International press coverage and numerous signs of public support in favor of the Natives put the government in a delicate situation at a time of pre-electoral campaigns. However, no agreement seemed possible between the government (which wanted the sites to be abandoned) and the Natives (who asked for a guarantee of major future changes in the BIA). Soon after the elections, the government agreed to limited changes: to examine the nomination of Natives to federal offices, to extend the percentage of Natives employed by the bureau, to accelerate the entire assistance process, and to improve development programs in reservations. In exchange, the Natives left their sites on November 7, 1972, but declared that they had put BIA files proving the corruption of its members in a safe place.

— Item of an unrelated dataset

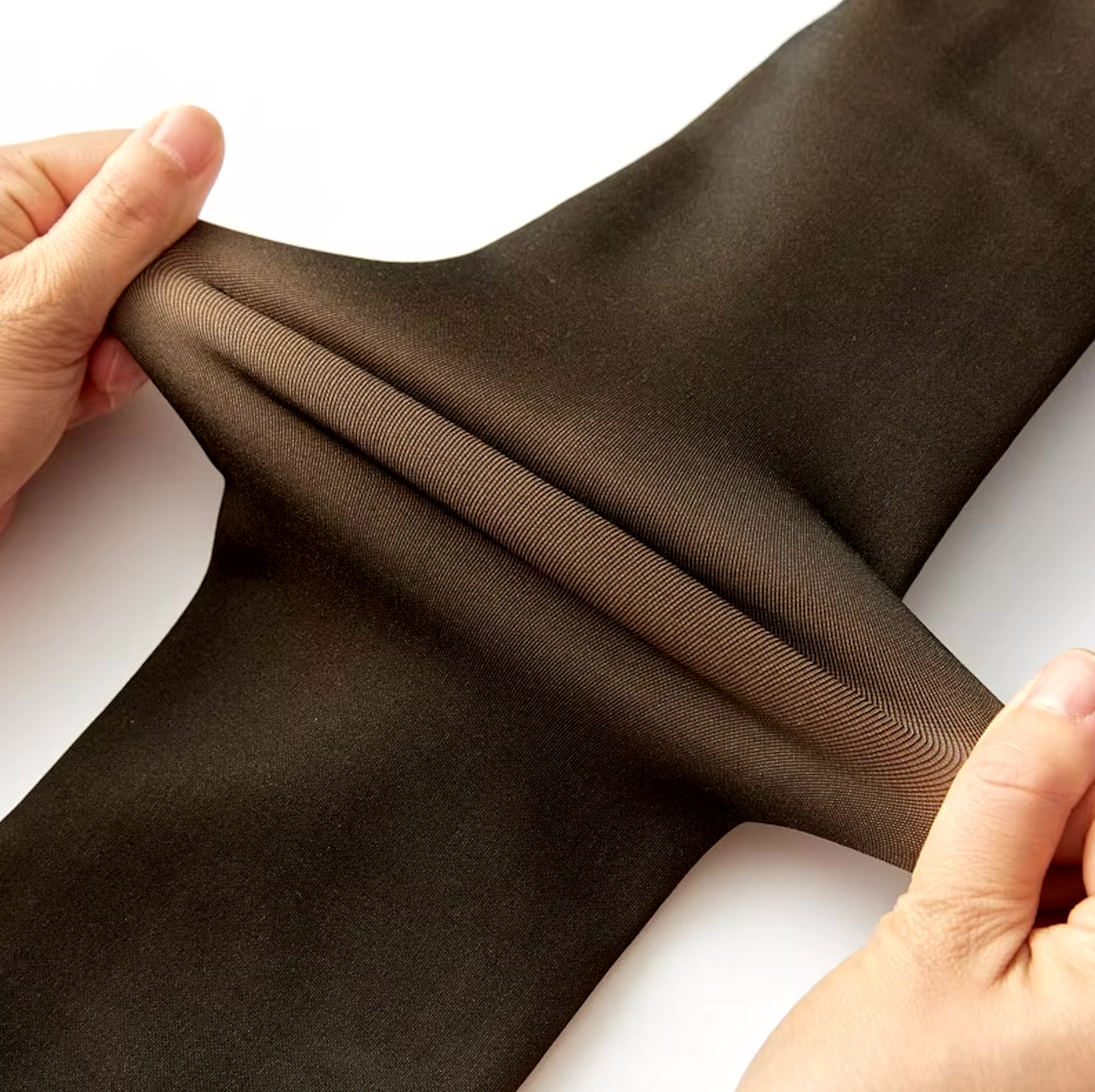 הגרביים השקופים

Louis Bruce, Indian Affairs commissioner, lost his job. Despite the promises, the regional offices did not change in any way.
Some changes however were noticed, as in July 1972 when the BIA offered the Navajos self-rule, which meant the transfer of bureau functions on the reservations to the Navajos. Moreover in 1975, the Indian Self-Determination and Educational Act implemented self-determination policies.
Under the administration of President Ronald Reagan, the president dealt with the Native people on a "government-to-government basis," and initiated a new policy for economic development. Reagan appointed a presidential Commission on Indian Reservation Economies that submitted a report and recommendations to the office of the president in November 1984. The report underlined the administrative spending of tribal governments, noting that the BIA consumed more than two-thirds of its budget on the organization itself, leaving little monies for investment purposes. In June 1996, another action against the BIA ensued. A class-action lawsuit representing 300,000 American Indians was filed in federal court against the bureau, the United States Treasury, and the Department of the Interior. The suit alleged that the BIA had mishandled $450 million in revenues from mineral leases on lands held in trust for Indians. The suit further alleged that no accurate records were kept of the monies collected and that funds were illegally diverted to other projects.